Gillis Cashman, a managing partner at MC Partners in Boston, says it makes sense to charge extra to big content providers like Netflix, whose services at peak hours can sometimes consume more than 30 percent of total Internet traffic. Video is "significantly congesting these networks, and causing real issues for carriers where they have to spend a lot of money upgrading networks, and pushing fiber deeper into their networks," he says. "There is currently no model for monetizing that required investment."
In essence, he claims it's a problem for the big ISPs to provide the service they're paid by their customers to provide. In markets where they're essentially monopolies or oligopolies. Despite the fact that Netflix and other large-bandwidth consumers have specific programs that significantly reduce long-haul bandwidth congestion and provide better service to the end user. These same big ISPs are crying poverty while collecting vast profits from favorable fees and ever-increasing broadband rates, yet they've refused to participate in solving these problems.

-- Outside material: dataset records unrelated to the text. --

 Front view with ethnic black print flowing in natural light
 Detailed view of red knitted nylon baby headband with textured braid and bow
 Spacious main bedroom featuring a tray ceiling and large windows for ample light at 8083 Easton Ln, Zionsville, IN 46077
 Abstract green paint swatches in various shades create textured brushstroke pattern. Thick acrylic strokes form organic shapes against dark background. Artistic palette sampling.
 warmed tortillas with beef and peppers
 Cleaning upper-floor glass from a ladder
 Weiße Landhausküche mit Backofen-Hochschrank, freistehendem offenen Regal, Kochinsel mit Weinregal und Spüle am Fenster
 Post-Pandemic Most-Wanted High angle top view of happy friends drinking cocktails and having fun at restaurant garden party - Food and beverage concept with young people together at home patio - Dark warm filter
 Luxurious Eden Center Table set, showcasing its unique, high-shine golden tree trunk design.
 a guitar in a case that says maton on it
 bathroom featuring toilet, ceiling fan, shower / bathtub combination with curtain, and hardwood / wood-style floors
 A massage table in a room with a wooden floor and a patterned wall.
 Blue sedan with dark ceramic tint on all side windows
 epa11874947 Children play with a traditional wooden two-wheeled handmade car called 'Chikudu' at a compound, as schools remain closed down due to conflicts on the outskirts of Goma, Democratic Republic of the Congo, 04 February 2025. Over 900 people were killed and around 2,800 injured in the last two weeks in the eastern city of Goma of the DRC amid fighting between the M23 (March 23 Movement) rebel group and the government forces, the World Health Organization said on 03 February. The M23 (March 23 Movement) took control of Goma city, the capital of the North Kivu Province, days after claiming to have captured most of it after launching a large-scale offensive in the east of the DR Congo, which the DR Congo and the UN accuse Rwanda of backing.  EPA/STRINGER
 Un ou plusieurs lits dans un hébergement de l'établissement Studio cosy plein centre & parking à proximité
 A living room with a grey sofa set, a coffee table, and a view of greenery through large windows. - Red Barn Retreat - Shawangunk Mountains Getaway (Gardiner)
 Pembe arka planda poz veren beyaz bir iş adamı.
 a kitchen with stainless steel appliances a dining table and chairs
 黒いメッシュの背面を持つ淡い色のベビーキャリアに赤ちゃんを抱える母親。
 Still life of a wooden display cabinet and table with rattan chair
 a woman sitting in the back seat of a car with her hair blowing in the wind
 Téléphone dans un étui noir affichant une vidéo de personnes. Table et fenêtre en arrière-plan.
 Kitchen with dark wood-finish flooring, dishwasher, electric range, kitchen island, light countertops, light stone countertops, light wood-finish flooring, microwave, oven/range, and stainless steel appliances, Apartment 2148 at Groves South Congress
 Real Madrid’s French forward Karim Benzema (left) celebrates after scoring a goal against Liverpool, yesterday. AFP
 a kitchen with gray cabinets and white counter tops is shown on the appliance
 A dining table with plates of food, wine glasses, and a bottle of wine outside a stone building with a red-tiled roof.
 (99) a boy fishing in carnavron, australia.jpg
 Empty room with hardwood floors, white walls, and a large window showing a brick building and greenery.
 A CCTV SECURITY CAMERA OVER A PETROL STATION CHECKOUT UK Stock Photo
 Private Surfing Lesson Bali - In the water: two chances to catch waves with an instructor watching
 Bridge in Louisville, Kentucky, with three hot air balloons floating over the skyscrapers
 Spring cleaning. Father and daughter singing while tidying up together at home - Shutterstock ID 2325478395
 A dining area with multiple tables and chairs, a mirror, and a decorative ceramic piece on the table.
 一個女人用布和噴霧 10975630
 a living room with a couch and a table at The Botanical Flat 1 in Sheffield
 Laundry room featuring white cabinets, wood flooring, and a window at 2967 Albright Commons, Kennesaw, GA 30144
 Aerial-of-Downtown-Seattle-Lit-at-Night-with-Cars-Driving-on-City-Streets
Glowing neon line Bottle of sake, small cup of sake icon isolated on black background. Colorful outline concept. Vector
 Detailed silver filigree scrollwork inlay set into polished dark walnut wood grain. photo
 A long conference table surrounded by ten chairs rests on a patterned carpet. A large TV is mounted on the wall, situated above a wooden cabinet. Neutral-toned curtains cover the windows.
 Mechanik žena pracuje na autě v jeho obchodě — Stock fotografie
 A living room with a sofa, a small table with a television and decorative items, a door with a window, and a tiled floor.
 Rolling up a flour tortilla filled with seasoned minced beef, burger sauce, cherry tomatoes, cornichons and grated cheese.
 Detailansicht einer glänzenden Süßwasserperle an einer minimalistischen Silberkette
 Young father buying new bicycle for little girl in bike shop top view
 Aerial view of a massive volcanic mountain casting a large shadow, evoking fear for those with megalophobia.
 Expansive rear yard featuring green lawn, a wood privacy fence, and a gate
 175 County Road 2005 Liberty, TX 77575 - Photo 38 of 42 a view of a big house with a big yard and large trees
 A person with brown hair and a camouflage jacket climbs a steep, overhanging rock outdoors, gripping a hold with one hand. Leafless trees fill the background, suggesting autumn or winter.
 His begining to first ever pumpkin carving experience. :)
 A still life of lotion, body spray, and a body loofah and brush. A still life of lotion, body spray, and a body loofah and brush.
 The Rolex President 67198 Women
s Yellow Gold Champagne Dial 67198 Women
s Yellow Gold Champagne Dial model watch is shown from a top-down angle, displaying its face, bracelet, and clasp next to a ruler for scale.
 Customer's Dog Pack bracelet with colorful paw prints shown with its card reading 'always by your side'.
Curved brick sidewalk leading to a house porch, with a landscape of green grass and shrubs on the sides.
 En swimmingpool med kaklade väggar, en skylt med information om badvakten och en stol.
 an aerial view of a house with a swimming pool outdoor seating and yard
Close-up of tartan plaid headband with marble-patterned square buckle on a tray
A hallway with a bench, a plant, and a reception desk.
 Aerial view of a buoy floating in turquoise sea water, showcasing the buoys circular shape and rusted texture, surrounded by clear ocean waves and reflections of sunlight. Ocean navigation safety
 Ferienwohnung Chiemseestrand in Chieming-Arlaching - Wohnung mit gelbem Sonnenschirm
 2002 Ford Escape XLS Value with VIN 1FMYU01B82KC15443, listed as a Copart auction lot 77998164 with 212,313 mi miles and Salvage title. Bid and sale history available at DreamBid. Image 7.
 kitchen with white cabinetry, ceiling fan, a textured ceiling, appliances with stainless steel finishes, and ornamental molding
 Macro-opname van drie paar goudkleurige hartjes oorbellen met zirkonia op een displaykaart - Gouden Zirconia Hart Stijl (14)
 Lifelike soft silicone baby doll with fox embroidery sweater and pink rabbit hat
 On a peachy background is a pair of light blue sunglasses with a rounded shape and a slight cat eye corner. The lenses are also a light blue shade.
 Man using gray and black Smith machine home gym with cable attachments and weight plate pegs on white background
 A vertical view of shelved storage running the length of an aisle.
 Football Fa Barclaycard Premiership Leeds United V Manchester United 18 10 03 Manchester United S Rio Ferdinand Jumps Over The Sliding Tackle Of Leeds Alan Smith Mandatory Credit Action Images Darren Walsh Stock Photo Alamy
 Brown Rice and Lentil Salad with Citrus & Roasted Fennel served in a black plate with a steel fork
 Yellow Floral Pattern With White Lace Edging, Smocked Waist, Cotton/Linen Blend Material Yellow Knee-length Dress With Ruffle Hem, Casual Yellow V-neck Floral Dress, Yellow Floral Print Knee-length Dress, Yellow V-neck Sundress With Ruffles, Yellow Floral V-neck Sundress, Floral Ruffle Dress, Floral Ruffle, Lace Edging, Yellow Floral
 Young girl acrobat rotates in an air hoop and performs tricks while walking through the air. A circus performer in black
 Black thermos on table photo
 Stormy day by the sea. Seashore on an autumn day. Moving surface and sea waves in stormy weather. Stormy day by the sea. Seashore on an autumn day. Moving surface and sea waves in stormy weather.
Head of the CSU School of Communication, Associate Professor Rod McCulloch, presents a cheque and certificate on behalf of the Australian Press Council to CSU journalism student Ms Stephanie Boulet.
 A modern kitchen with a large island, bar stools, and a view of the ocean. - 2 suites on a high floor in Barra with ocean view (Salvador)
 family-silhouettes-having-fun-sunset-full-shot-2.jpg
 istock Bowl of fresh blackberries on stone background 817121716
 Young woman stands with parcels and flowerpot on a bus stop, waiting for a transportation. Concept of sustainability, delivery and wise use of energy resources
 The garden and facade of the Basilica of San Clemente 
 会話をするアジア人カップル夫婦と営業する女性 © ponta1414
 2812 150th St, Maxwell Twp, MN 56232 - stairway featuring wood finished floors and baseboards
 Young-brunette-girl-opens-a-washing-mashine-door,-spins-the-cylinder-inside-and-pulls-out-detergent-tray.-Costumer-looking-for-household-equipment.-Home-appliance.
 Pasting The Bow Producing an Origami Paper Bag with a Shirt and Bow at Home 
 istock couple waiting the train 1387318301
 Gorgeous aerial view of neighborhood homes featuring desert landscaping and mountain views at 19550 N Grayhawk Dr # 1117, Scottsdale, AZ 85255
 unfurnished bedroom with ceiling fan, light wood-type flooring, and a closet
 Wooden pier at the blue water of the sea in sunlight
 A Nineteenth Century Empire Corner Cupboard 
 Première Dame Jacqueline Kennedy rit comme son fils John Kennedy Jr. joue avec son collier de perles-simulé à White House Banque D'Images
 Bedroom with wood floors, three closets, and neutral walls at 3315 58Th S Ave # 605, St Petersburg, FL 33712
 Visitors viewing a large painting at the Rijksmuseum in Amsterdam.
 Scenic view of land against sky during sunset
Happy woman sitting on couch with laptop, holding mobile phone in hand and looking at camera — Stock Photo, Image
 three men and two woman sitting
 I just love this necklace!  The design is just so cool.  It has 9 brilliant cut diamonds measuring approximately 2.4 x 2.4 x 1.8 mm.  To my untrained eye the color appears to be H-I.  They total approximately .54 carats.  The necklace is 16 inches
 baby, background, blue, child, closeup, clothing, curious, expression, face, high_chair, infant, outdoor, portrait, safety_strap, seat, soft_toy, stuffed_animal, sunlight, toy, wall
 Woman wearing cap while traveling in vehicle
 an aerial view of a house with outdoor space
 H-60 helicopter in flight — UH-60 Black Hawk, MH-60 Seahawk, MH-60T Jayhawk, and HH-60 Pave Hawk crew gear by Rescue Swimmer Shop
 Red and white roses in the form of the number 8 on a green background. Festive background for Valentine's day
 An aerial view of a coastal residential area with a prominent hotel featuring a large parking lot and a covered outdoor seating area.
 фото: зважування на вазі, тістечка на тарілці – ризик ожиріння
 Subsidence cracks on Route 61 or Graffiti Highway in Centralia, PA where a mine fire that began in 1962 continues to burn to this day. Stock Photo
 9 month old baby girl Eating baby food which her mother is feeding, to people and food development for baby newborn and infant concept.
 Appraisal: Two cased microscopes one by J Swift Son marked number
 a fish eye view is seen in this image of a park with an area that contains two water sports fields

In fact, these same big ISPs also are intentionally causing congestion problems on their own networks to force the issue. Mark Taylor at Level 3 goes into much detail on this in his post last week. I urge you to read that post now, as he calls out six large ISPs, five in the U.S. and one in Europe, that are intentionally operating congested circuits to force capitulation from content providers. He declines to name the six but does note that "the companies with the congested peering interconnects also happen to rank dead last in customer satisfaction across all industries in the U.S. Not only dead last, but by a massive statistical margin of almost three standard deviations."
Naturally, there are two sides to this story. You can draw your own conclusions.